In 2025 they’ve lagged the AI-turbocharged mega-caps: the iShares Core S&P Mid-Cap ETF (IJH), a pure S&P 400 tracker, shows a ~4.5% NAV total return year-to-date through Oct 13, versus ~13.5% for the S&P 500 and ~12.4% for the small-cap-heavy Russell 2000. That underperformance is the opportunity.

Valuation supports the setup: State Street’s MDY (another S&P 400 tracker) shows the cohort at ~18x next-twelve-month earnings and ~11x price/cash-flow as of Oct 13, implying a noticeable discount to many large-cap peers after the 2023–25 multiple expansion at the top end. Sector mix is also distinct: Industrials are the single largest sleeve, with Financials and Information Technology following, so the “AI winners only” bias that dominates large-cap indices is less extreme here.

Cyclically, the backdrop is improving but uneven. Russell’s latest U.S. spotlight flags a rising two-year EPS growth outlook across size cohorts and a broadening of industry leadership beneath the mega-caps, consistent with the idea that earnings breadth is turning up. Meanwhile, dealmaking has restarted: global M&A volumes were down 9% y/y in 1H25, but values rose 15%, a mix that historically favors mid-caps (targets and consolidators) as financing normalizes and boards regain confidence.

Structurally, mid-caps aren’t just a “tweener” bucket. S&P’s long-run research has repeatedly shown this segment to be a performance “sweet spot,” with better risk-adjusted returns than both large and small caps over long windows; more recent sell-side and sponsor work echoes the same message and quantifies the edge across rolling 10-year periods. Translation: when the cycle broadens and rates stabilize, mid-caps tend to catch up — fast.

The payoff is asymmetric: you’re not paying mega-cap premiums, yet you still get real operating leverage, cleaner capital allocation, and genuine M&A optionality. If breadth keeps improving into 2026, this is where the market’s next leg of “catch-up alpha” is most likely to come from.

A stock market chart. Photo by Arturo A on Pexels

Our Methodology

For our list of the oversold mid-cap stocks to buy according to hedge funds, we screened for stocks in the mid-cap range that had an RSI lower than 30. From these, we selected stocks that had the highest number of hedge funds having a stake in them as of Q2, 2025, and ranked them in order of the hedge fund sentiment as well.
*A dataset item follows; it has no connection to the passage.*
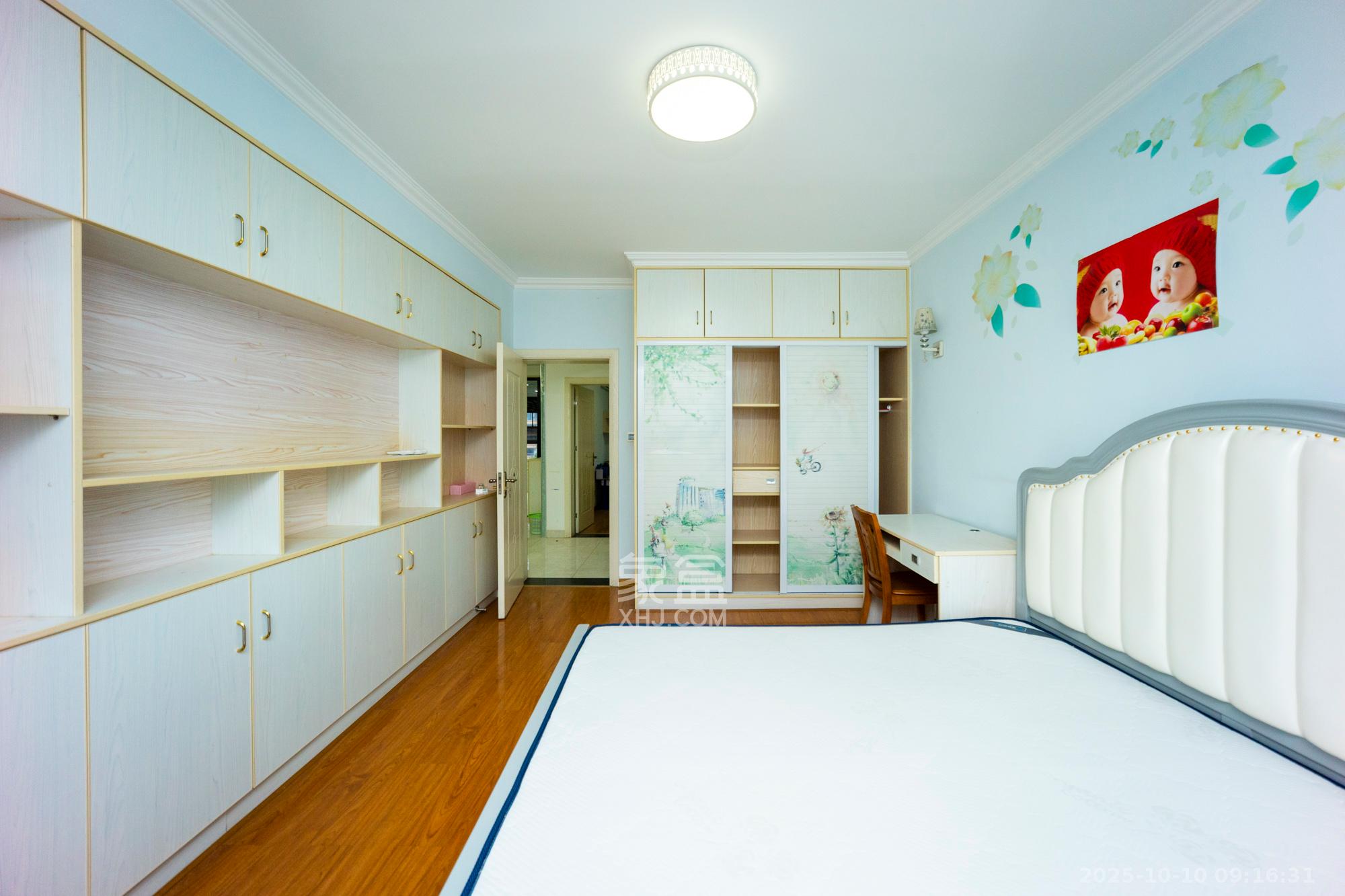 山语城二期  1室2厅1卫    73.0万卧室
We sourced the RSI data from stockanalysis.com and the hedge fund sentiment from the Insider Monkey database. The market cap data is as of October 14.

Why are we interested in the stocks that hedge funds pile into? The reason is simple: our research has shown that we can outperform the market by imitating the top stock picks of the best hedge funds. Our quarterly newsletter’s strategy selects 14 small-cap and large-cap stocks every quarter and has returned 427.7% since May 2014, beating its benchmark by 264 percentage points (see more details here).

9. Magnite, Inc. (NASDAQ:MGNI)

RSI: 28.32

Market Cap: $2.56 Billion

Number of Hedge Fund Holders: 34

Magnite, Inc. (NASDAQ:MGNI) is one of the most oversold mid-cap stocks to buy according to hedge funds.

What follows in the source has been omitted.